Improve communication to spread information about safety

The storage capacity for treated water at the Fukushima No. 1 nuclear power plant is approaching its limit, hindering decommissioning work. The government and Tokyo Electric Power Company Holdings Inc. must steadily move forward with plans to discharge the water as soon as possible.

Contaminated water produced when cooling molten fuel in the reactors is treated and stored at the site in tanks that currently hold 1.3 million tons of water. Last year, the government approved a decision to release the water into the ocean because it is hindering decommissioning work, and TEPCO applied for approval of a plan to construct the necessary facilities.

The Nuclear Regulation Authority (NRA) has recently approved this plan. After 13 review meetings, the authority determined that there were no safety issues with an ocean release. This represents a major step forward in the discharge procedure.

TEPCO has already begun preparations for the construction of an undersea tunnel that will serve as an offshore discharge route. Completion of the tunnel is expected to take some time, and the discharge is not expected to begin until next spring or later.

The amount of treated water is increasing day by day. The tanks are expected to reach full capacity by next summer or autumn. There is no time to spare in the construction schedule. It is essential to proceed with the plan without delay.

Local fishermen and others concerned have voiced their opposition to the plan, claiming that the release of the treated water could lead to harmful rumors about marine products. The government must listen to the voices of those involved in the fishing industry and explore effective measures to prevent deleterious hearsay.

Even after the treatment process, the water still contains radioactive tritium. However, rainwater and seawater also contain trace amounts of tritium. The treated water will be diluted with large amounts of seawater before being released into the ocean. The amount of tritium in the discharged water will be one-seventh of the concentration permitted under the World Health Organization’s guidelines for drinking water.

However, information about the treated water is not widely known. According to a survey by the Reconstruction Agency, only about 40% of the public is aware of the government’s plan to discharge treated water that has been diluted.

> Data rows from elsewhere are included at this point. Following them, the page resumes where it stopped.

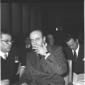 Giuseppe Petrilli seduto su una sedia discute con  ...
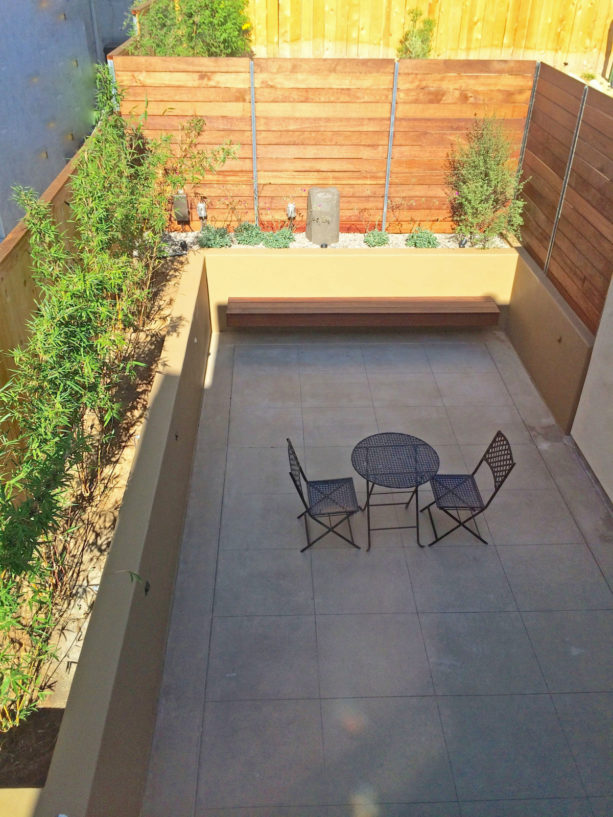 mediterranean concrete patio with raised planters in a small backyard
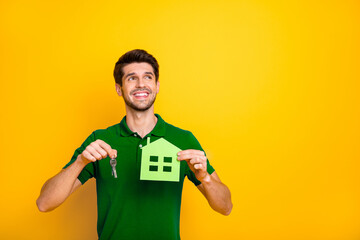 Portrait of his he nice attractive cheerful cheery dreamy guy holding in hands keys and house...
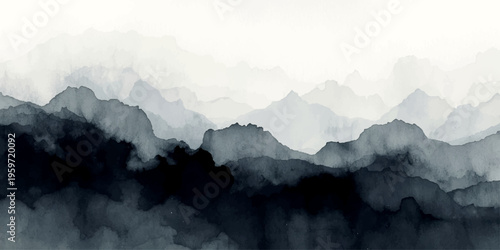 Misty morning panorama of the blue Alps peaks emerging from the fog and clouds over a mountain valley at dawn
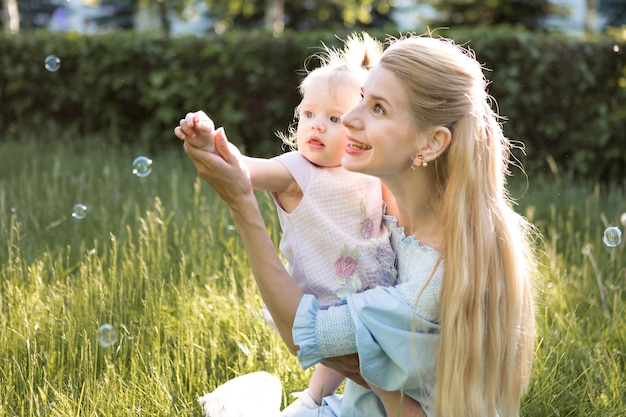 Concetto di famiglia felice con la giovane madre che gioca con la sua bambina e fa la bolla di sapone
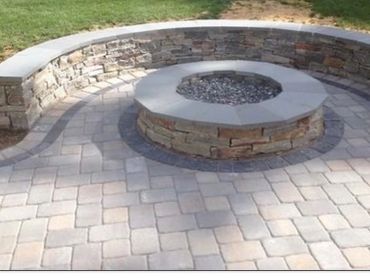 Spacious stone patio with outdoor seating area and fire pit.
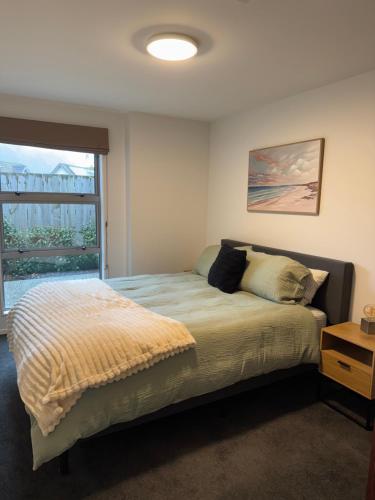 Un dormitorio con una cama con una ventana grande. en Plantation apartment, en Wanaka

The government and TEPCO must step up their efforts to disseminate information and deepen the public’s understanding regarding the safety of the discharge.

In the international community, ocean release is understood to be the most realistic option for tritium-laden wastewater discharged from nuclear facilities.

In April, an International Atomic Energy Agency (IAEA) mission, including members from China and South Korea, published a report that concluded that the release plan was appropriate. The government must continue to work with the IAEA to increase transparency regarding the discharge.

The United Kingdom is in the process of removing import restrictions on food and other products from Fukushima Prefecture. Excessive and baseless restrictions are being reassessed in many countries. The government should also lobby China and South Korea, which continue to impose import restrictions.